Can Robbie save EMI?
The fall came despite a rise in profits after a major cost-cutting programme at the group enabled it to offset a fall in music sales.
Total sales at the EMI group - whose artists include Robbie Williams, Kylie Minogue, Coldplay and Radiohead - fell 11% to £2.2bn, with sales of recorded music dropping by a worse-than-expected 12.6%.
But the company was able to report a rise in adjusted pre-tax profits excluding one-off items to £177.3m ($290.2m), from £153.3m last year.
Including one-off items, such as the sale of its stake in the HMV music stores, pre-tax profits were £319.3m.
"We had piracy in all its forms, which was probably the biggest single contributor to market decline," said chairman Eric Nicoli.
And EMI said it expected recorded music sales would fall by a further 5-8% this year as the illegal copying of music spreads.
EMI shares finished the day down 13 pence, or 9.6%, at 122p.
As well as piracy, the music industry as whole has been hit by the economic slowdown and competition from other leisure goods such as video games.

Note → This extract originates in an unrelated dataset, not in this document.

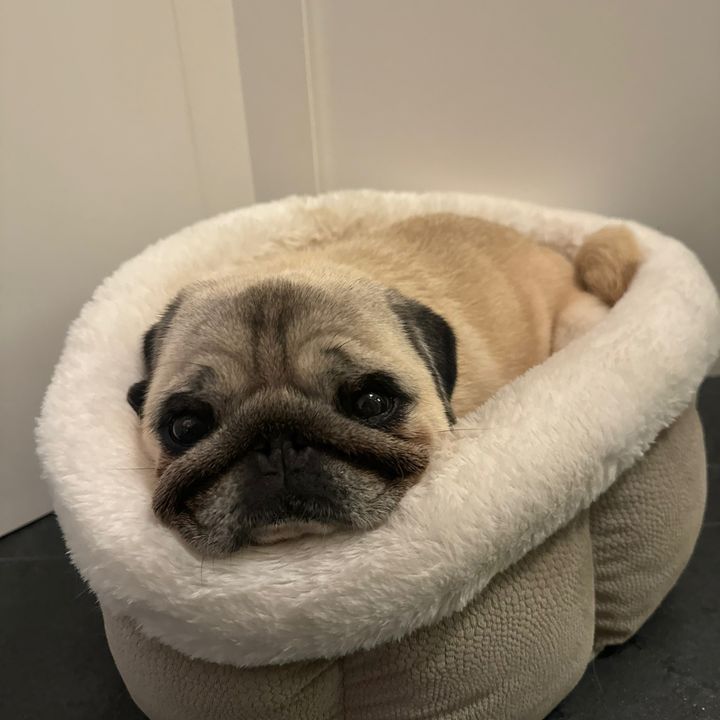 Profile Picture of abbycohenn (@abbycohenn) on Tiktok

EMI has taken drastic action to cope with the downturn, cutting 1,900 jobs and dropping 400 acts from its roster last year.
Norah Jones' album has been a highlight for EMI
There was some glimmer of light from the US, where EMI made a profit after five years of losses.

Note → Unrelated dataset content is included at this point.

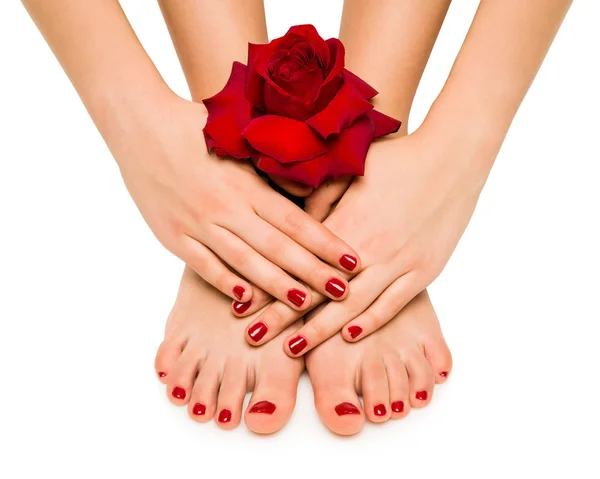 Hermosa manicura y pedicura con una rosa —  Fotos de Stock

Best performing albums included the debut album from Norah Jones 'Come Away With Me' which has now sold 13 million copies.
Coldplay's album 'A Rush of Blood to the Head' sold six million, while a Rolling Stones greatest hits album sold five million copies.
Robbie to the rescue?
One of EMI's biggest deals last year was the re-signing of Robbie Williams.

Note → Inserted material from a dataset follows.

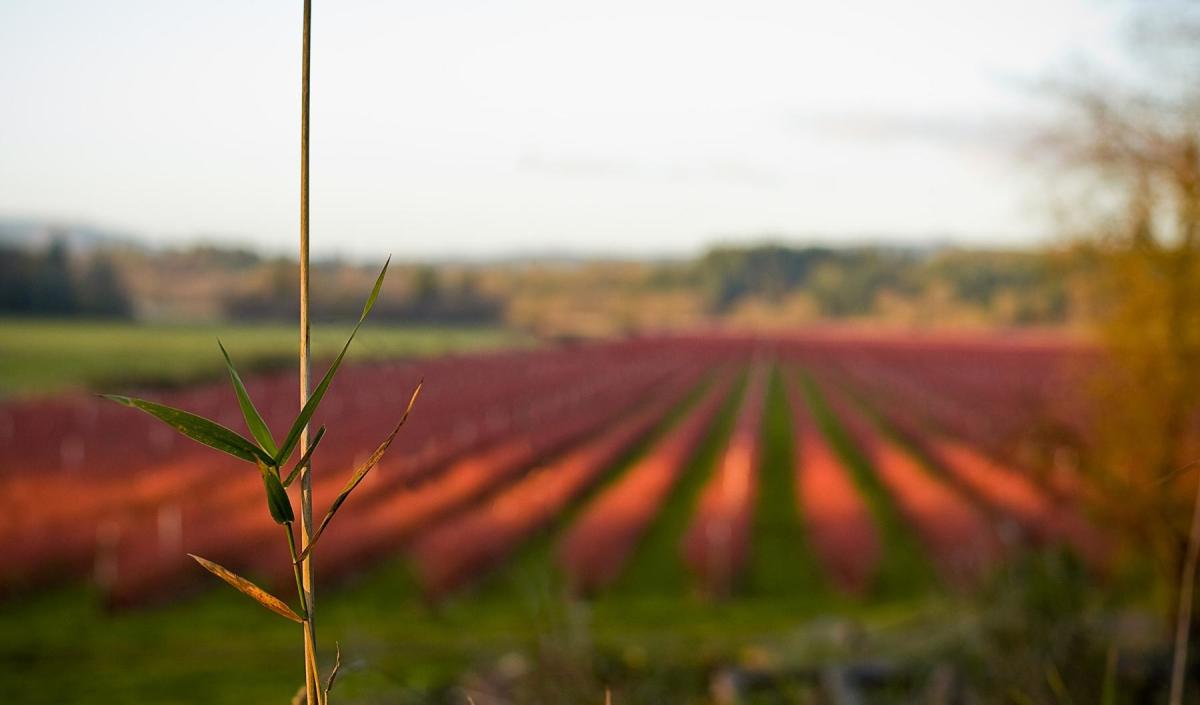 Vancouver WA Wineries & Tasting Rooms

But while his last album Escapology has sold six million copies outside the US, only 150,000 copies have been shipped to the US market.
EMI said it was confident he would break the crucial US market in the long run.
"It's about slowly moving Robbie into the consciousness of the American people," said chief financial officer Roger Faxon.
"While Robbie is a superstar in the rest of the world, he's not that in America, but we expect in due course that he will be."
There has been persistent speculation about EMI's future, and it has been linked with possible mergers with Warner Music and Bertlesmann's BMG.
But recent reports have suggesting that Time Warner and BMG are mulling a merger themselves, raising fears that EMI could be left behind.
Mr Nicoli refused to be drawn on the issue.
"We think we will make progress with or without participation in industry consolidation," he said.
"Beyond that I have no intention of fuelling speculation."
But the lack of comment failed to quell analysts' concerns.
"If EMI had said it wanted to be part of the last round of consolidation and didn't want to miss out on critical mass and cost savings, we could have seen its shares up by an equal amount," said Simon Baker, analyst at SG Securities.